◆ **DIRECTIONS**
Reproduce the records word for word, apart from the images they contain.

[Extracted records]
+---+
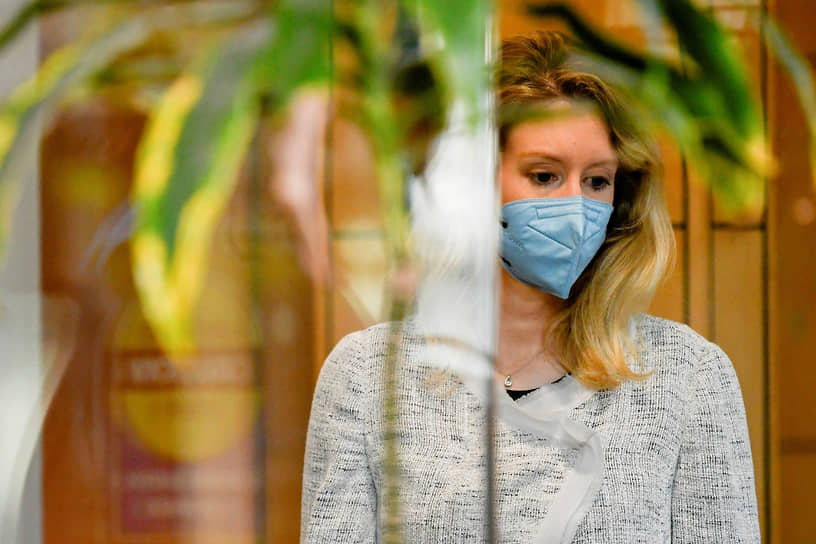 Основательница Theranos Элизабет Холмс 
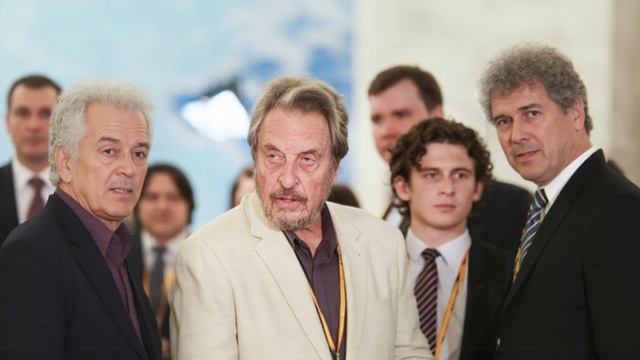 Эррол Маск: на Западе пытаются пугать людей угрозой, якобы исходящей от РФ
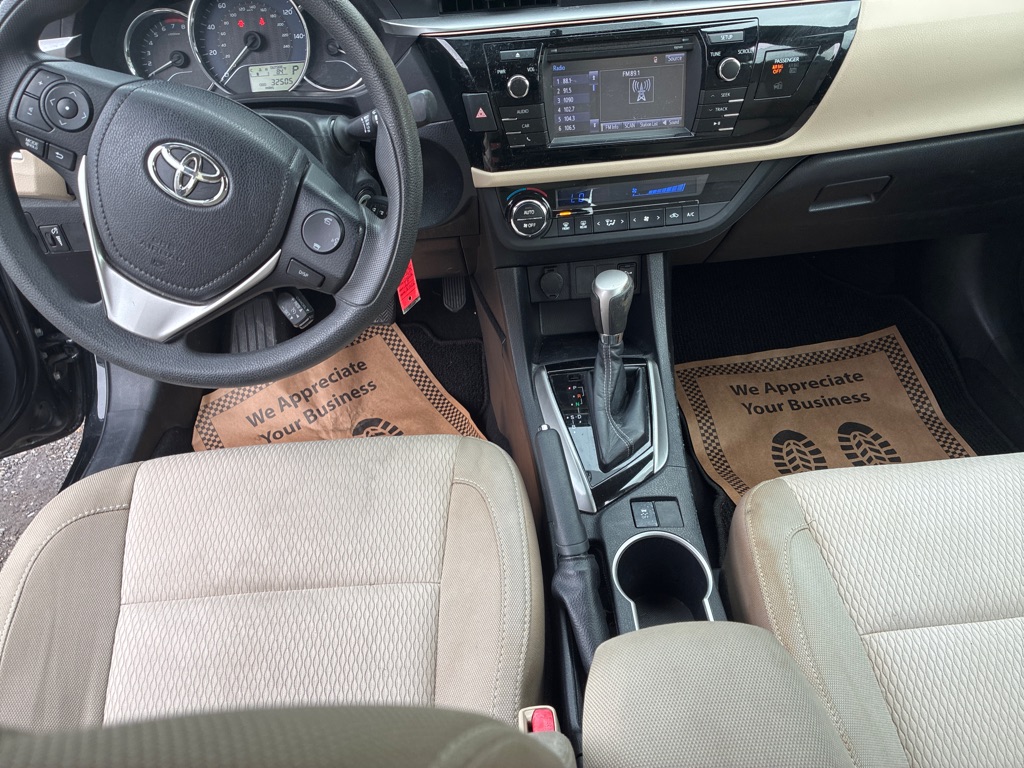 Photo 7 of this TOYOTA COROLLA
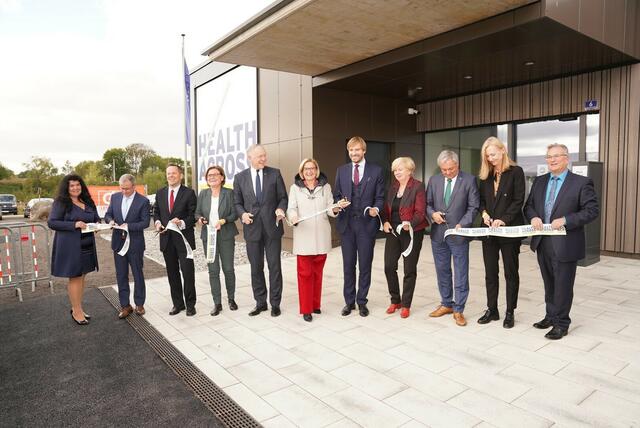 Elke Ledl (Leiterin Initiative Healthacross), Jaromír Slíva (Bürgermeister České Velenice), Jakub Novák (Gesandter Tschechische Republik), Helga Rosenmayer (Bürgermeisterin Gmünd, Landesrat Martin Eichtinger, Landeshauptfrau Johanna Mikl-Leitner, Adam Vojtěch (tschechischer Gesundheitsminister), Ivana Straska (ehemalige südböhmische Kreishauptfrau), Markus Klamminger (NÖ Landesgesundheitsagentur, Direktor für Medizin und Pflege), Bettina Kirnbauer (österreichische Botschafterin in Prag) und Manfred Mayer, Manager des Healthacross Gesundheitszentrums.
 | Foto: Philipp Monihart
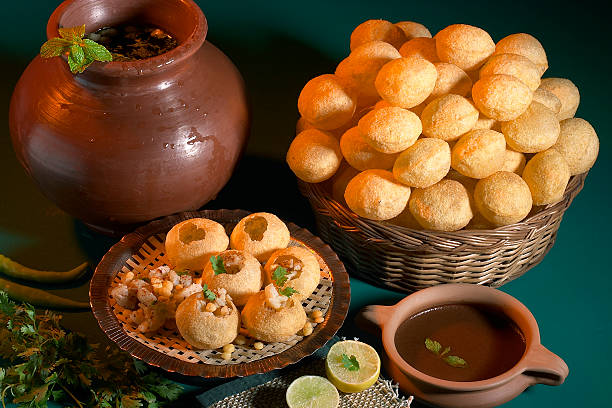 Dahi Puri vs. Pani Puri: Exploring the Differences and Similarities - A Tangy Tale of Indian Street Food Delights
+---+
◆ **RESPONSE**
 Основательница Theranos Элизабет Холмс 
 Эррол Маск: на Западе пытаются пугать людей угрозой, якобы исходящей от РФ
 Photo 7 of this TOYOTA COROLLA
 Elke Ledl (Leiterin Initiative Healthacross), Jaromír Slíva (Bürgermeister České Velenice), Jakub Novák (Gesandter Tschechische Republik), Helga Rosenmayer (Bürgermeisterin Gmünd, Landesrat Martin Eichtinger, Landeshauptfrau Johanna Mikl-Leitner, Adam Vojtěch (tschechischer Gesundheitsminister), Ivana Straska (ehemalige südböhmische Kreishauptfrau), Markus Klamminger (NÖ Landesgesundheitsagentur, Direktor für Medizin und Pflege), Bettina Kirnbauer (österreichische Botschafterin in Prag) und Manfred Mayer, Manager des Healthacross Gesundheitszentrums.
 | Foto: Philipp Monihart
 Dahi Puri vs. Pani Puri: Exploring the Differences and Similarities - A Tangy Tale of Indian Street Food Delights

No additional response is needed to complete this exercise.